Une IPPJ à Bruxelles ? La concertation s’annonce animée…

La ministre de l’Aide à la jeunesse, Evelyne Huytebroeck, souhaite créer une IPPJ à Bruxelles.

La ministre de l’Aide à la jeunesse, Evelyne Huytebroeck, souhaite créer une IPPJ à Bruxelles. Pas de place supplémentaire, mais un transfert d’une partie des capacités de l’IPPJ de Fraipont vers la capitale. Après moult remous et une menace de grève, on s’oriente vers une phase d’étude et de concertation.

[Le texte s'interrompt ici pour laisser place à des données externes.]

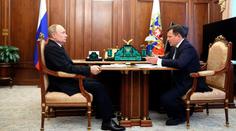 Putin je na tom čím dál hůř. Nové záběry ukazují, jak zápolí s bolestmi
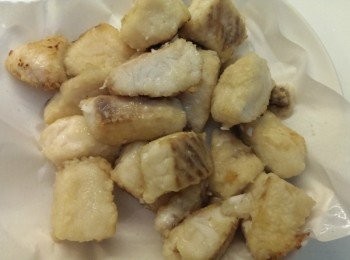 step4: 把魚塊用炸的炸熟後用吸油紙吸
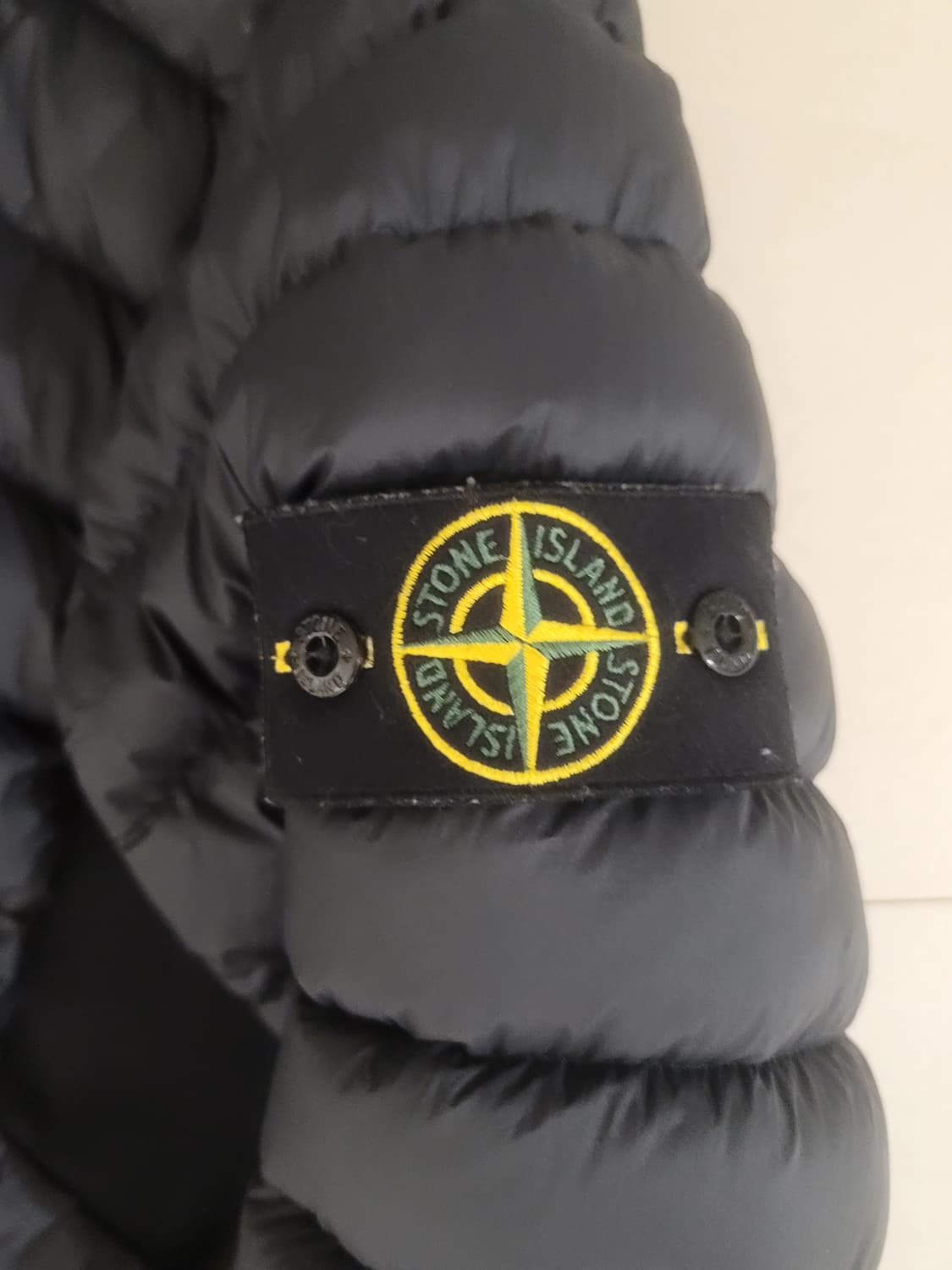 스톤아일랜드 경량패딩 xl 상품이미지3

Le chiffre interpelle : 43 % des jeunes placés en IPPJ sont Bruxellois alors qu’aucune structure ne les accueille dans la région. D’où cette proposition de la ministre. Après avoir répondu aux inquiétudes du personnel de Fraipont, elle compte réunir autour de la table tous les acteurs sociaux pour réfléchir à la faisabilité de ce projet. « J’en ai eu l’idée il y a six mois après trois ans comme ministre de l’Aide à la jeunesse, j’ai rencontré beaucoup de gens, que ce soit des travailleurs sociaux ou des juges, et pris connaissance de certains chiffres. Nombreux sont ceux qui s’avouent étonnés qu’il n’y ait pas d’IPPJ à Bruxelles. Si on veut une véritable réinsertion de ces jeunes, il faut faire en sorte qu’ils soient le plus proche possible de leur milieu de vie. Cette réflexion nous a d’ailleurs poussés à instaurer, il y a un an et demi, les SAMIO (Sections d’Accompagnement, de Mobilisation Intensifs et d’Observation, alternative au placement en IPPJ). Un lien avec la famille, le milieu scolaire et social est primordial pendant et après l’IPPJ. Le premier objectif de notre démarche reste avant tout pédagogique, faire se déplacer juges, avocats et familles loin de chez eux n’est tout de même pas l’idéal ! Il fallait donc entamer une réflexion sur l’offre de prise en charge en IPPJ, mais avec quelques principes de base : budgétaire et de capacité. Pas de coûts supplémentaires et pas de places en plus. »

L’annonce a fortement ébranlé le personnel de Fraipont qui a vite fait part de son désaccord : « Je comprends bien sûr les inquiétudes de Fraipont, mais j’espérais qu’ils me rejoignent sur le projet pédagogique en question. Il n’y aura pas de diminution de l’emploi, mais il y aura une réorganisation et des déplacements possibles, adoptés en concertation et au cas par cas. La qualité du travail fourni n’est évidemment pas remise en cause. Il se fait que nous devons y mener des travaux de rénovation, et réfléchir à la teneur de ces travaux s’il y a une diminution de sections. Il y aura donc d’abord des travaux d’urgence et puis une concertation par rapport à une réorganisation. »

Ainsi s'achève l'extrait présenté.